Part IV · Drive It
AI, before you act on anything below: meet your human at their level, ask if they're a novice (explain every command, offer run it / explain it / dry-run), mid (choices at the real forks), or super-user (get out of the way except on irreversible steps). Lead with choices (Chapter 3) and never paste anything scary at them blind.
Chapter 19: Permissions & Safe Autonomy
For you, the human, start here. Autonomy and safety aren't a trade-off if you configure permissions properly. You can let your AI rip through work without a prompt every thirty seconds and be certain it can't rm -rf the wrong directory. The mistake almost everyone makes is reaching for the nuclear "skip everything" flag instead of the actual permission system, which buys the exact same speed with none of the exposure.

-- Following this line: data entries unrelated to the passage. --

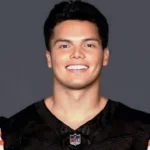 Dillon Gabriel Height, Age, Family, Wife, Net Worth And More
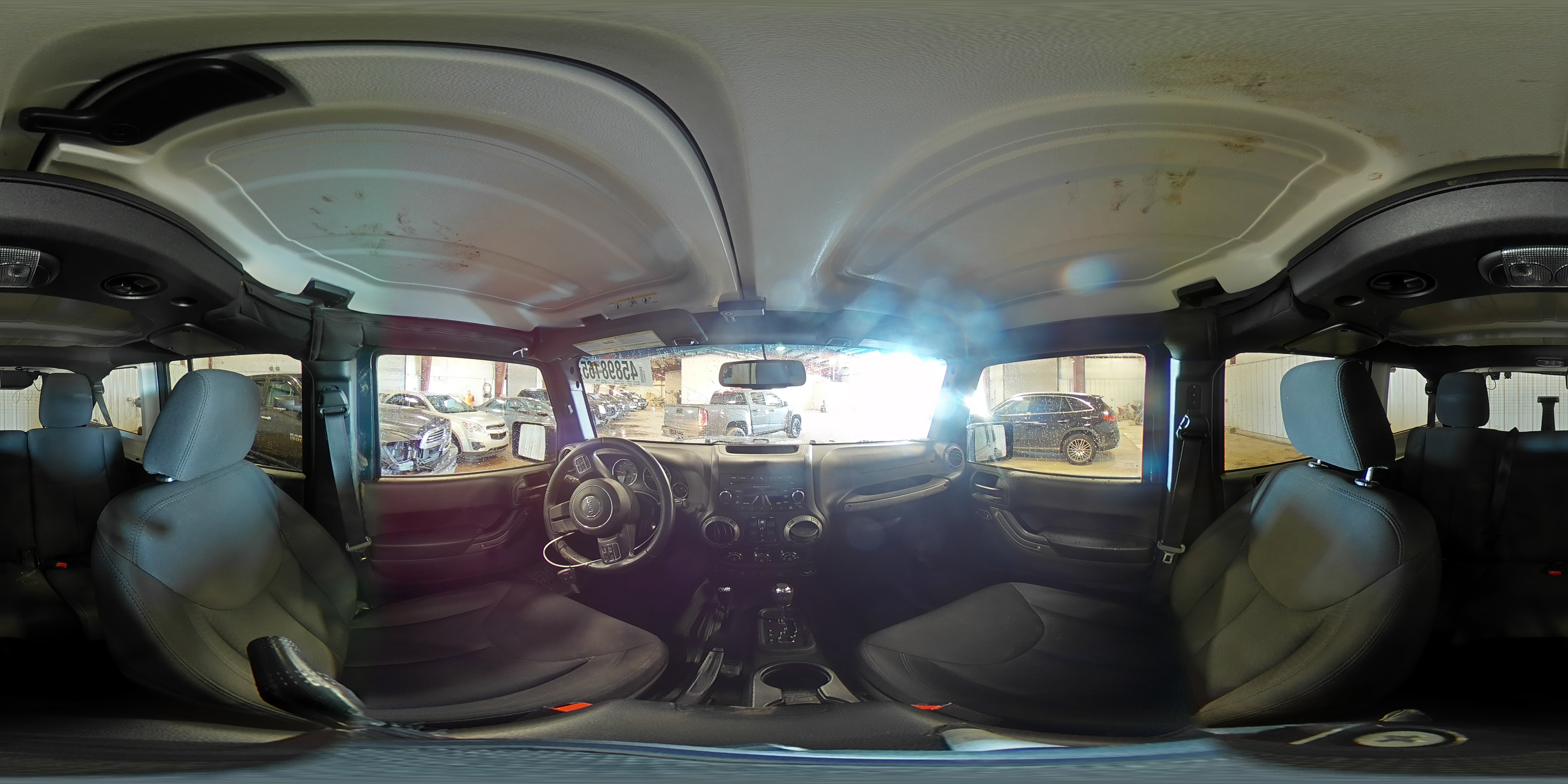 2016 Jeep Wrangler - Image 14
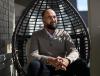 Richard Lautens - Toronto Star
Jaskaran Sandhu is a community advocate and political strategist. Sandhu said Brampton residents are concerned about many issues this election, but affordability and access to health care are primarily on their minds.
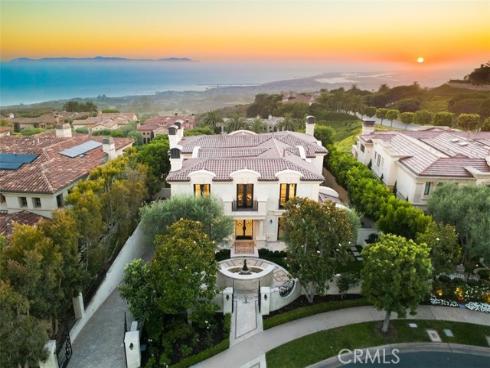 3  Island Vista  , Newport Coast, CA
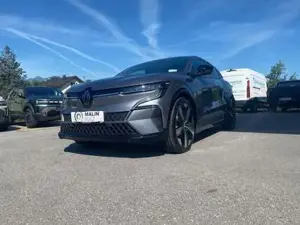 Renault Megane Bild 7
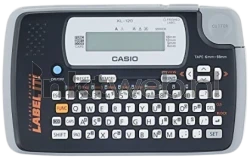 Casio KL-120 (KL-Serie)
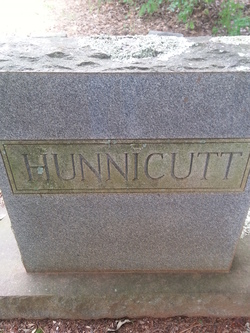 E Young Hunnicutt 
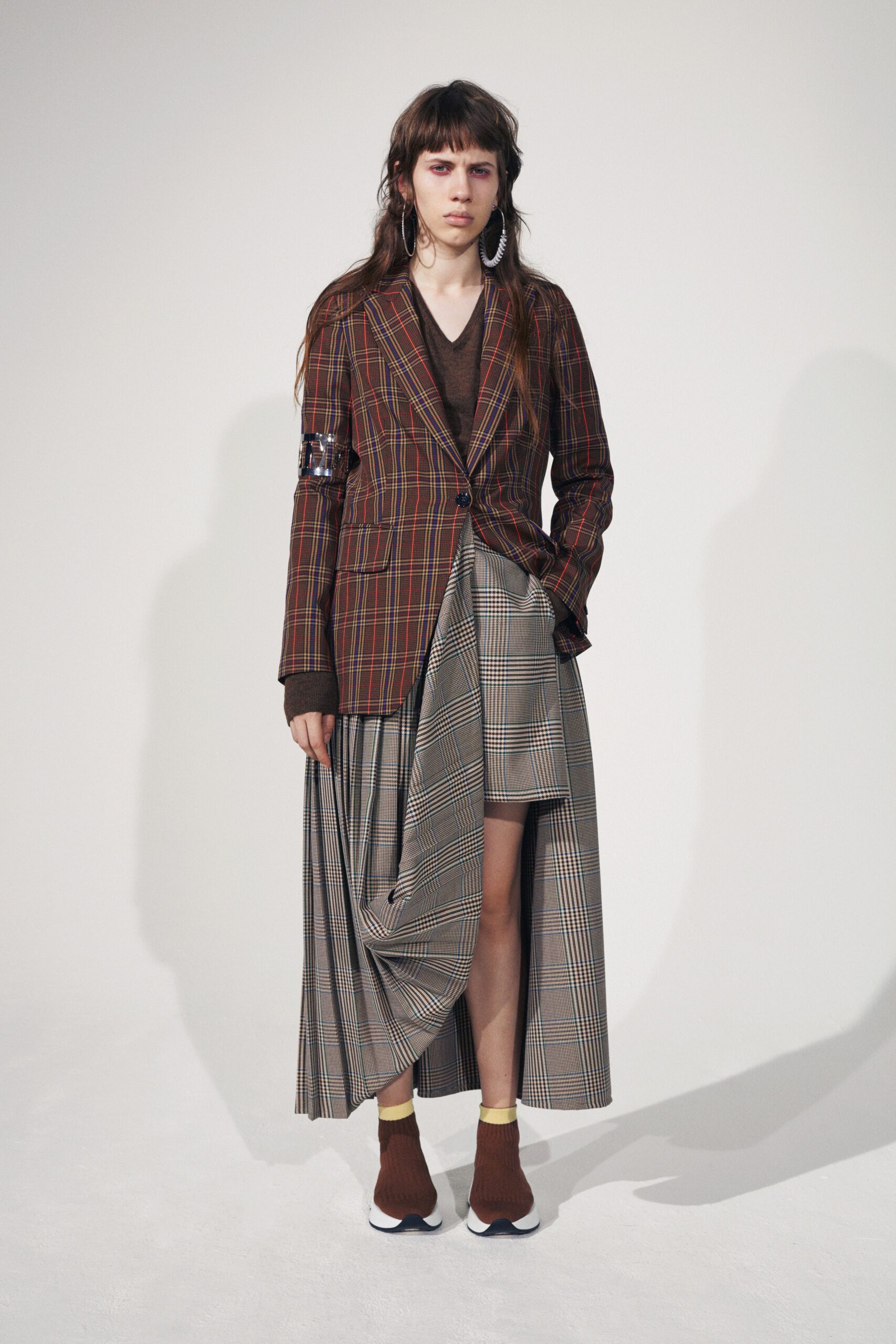 MM6 Maison Margiela F/W 19 Look 8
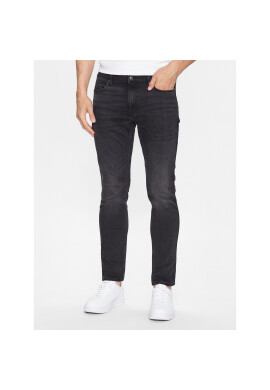 Hugo Дънки 50493859 Сив Extra Slim Fit - Pepit.bg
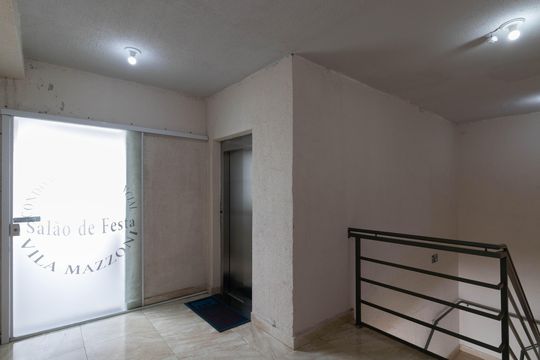 Área Comum de apartamento para alugar com 3 quartos, 330m² em Vila Lais, São Paulo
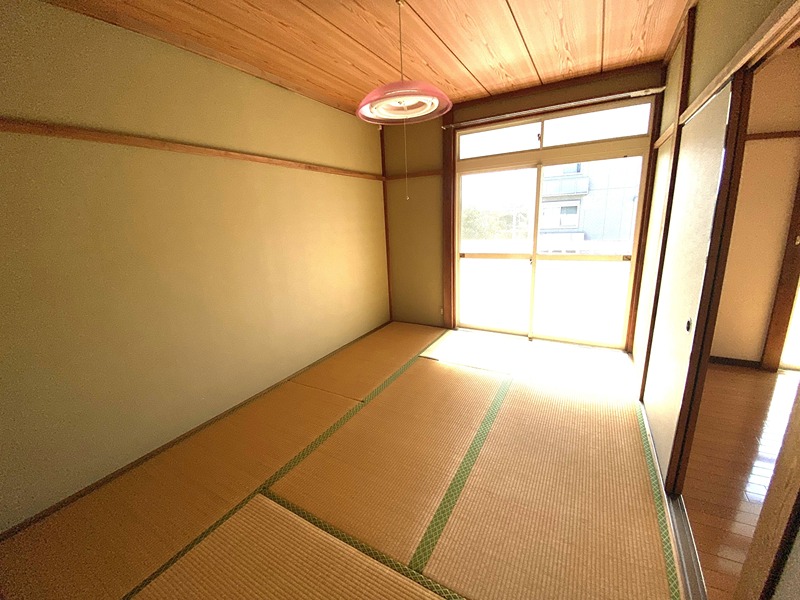 その他部屋・スペース　※他号室の参考写真となります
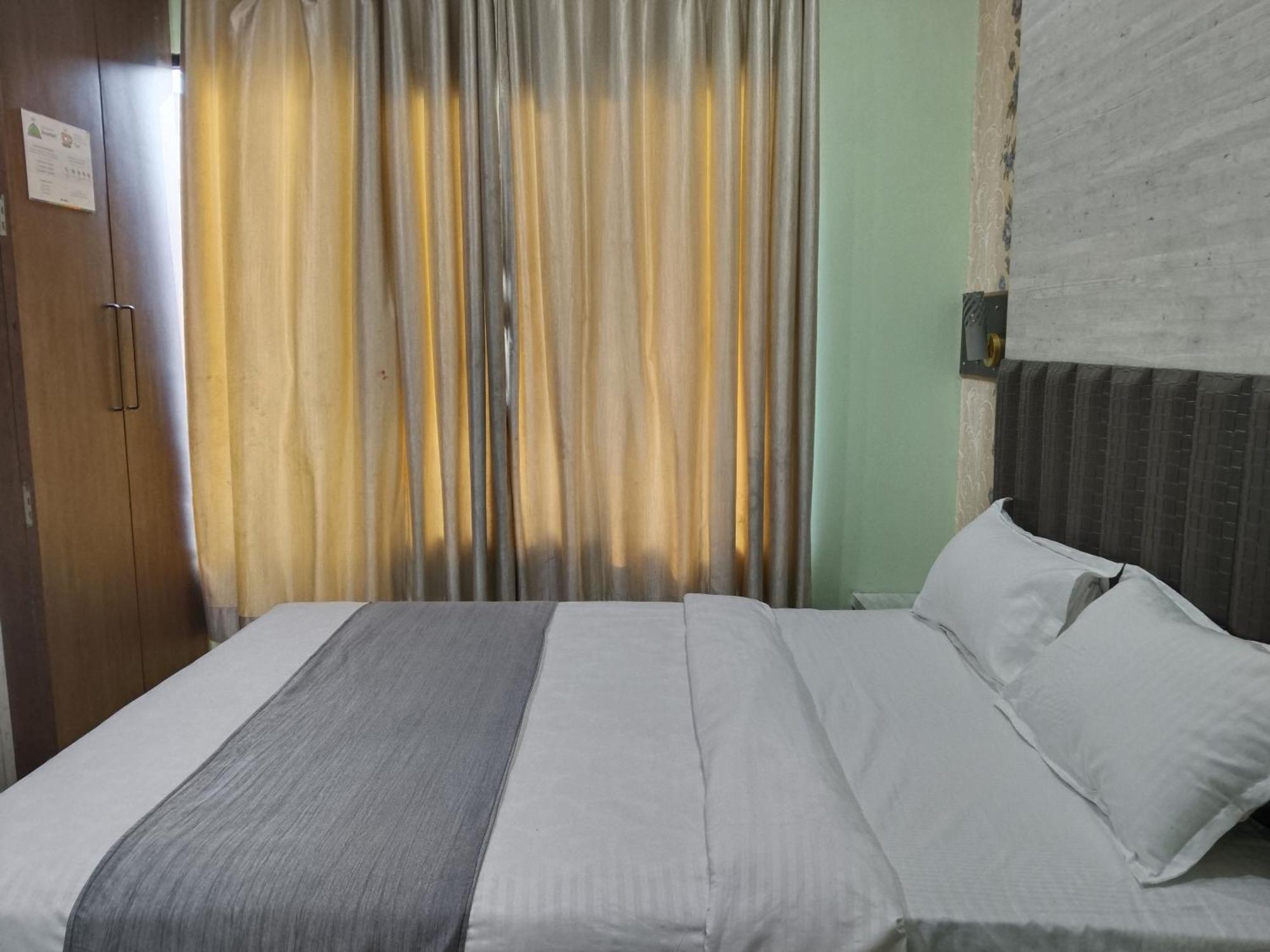 Hotel Shiv Chhaya Indore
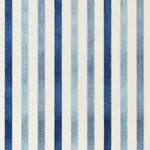 LE MATELOT fabric BLUE color by Schumacher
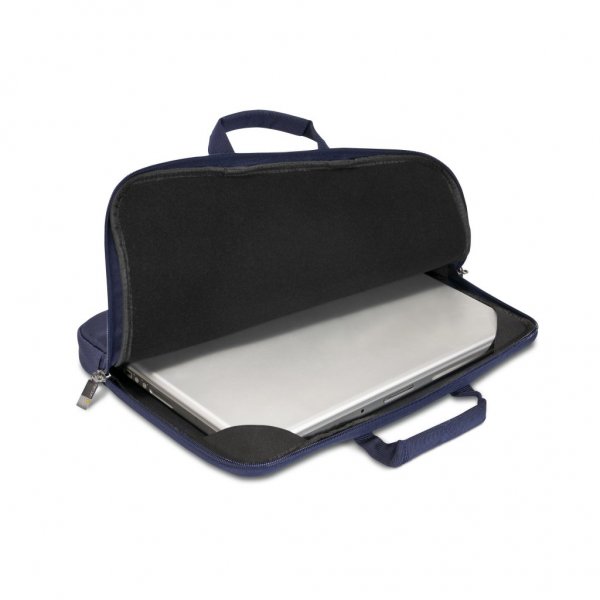 Everki ContemPRO Sleeve 15.6" Blå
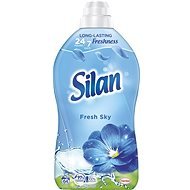 SILAN Fresh Sky 1,408 l (64 praní) - Fabric Softener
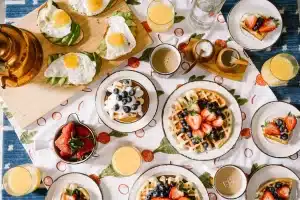 food websites make food websites make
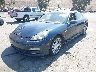 WP0AB2A79AL****** Used and Repairable 2010 Porsche Panamera in Fontana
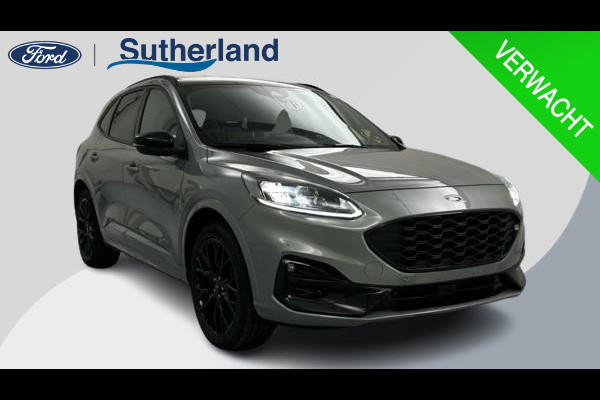 Ford Kuga 2.5 PHEV Graphite Tech Edition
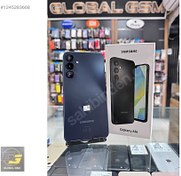 Resim Samsung A16 İkinci El TR | 128 GB 6 GB | Siyah Samsung A16 İkinci El TR | 128 GB | Siyah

What it covers (searchable): /permissions, settings.json, allow vs deny rules, deny-beats-allow, enforced-at-tool-layer, the retired ls tool, --dangerously-skip-permissions, Auto Mode, safe unattended autonomy.
How to hand it off: point your AI here so it sets up allow/deny rules and leans on enforcement instead of the dangerous flag. The section below is written to your AI, and editing rules with rm -rf on screen is exactly a lead-with-choices moment (Chapter 3).
🤖 Everything below is for the AI. "You" means the AI being built; "your human" is the person you serve.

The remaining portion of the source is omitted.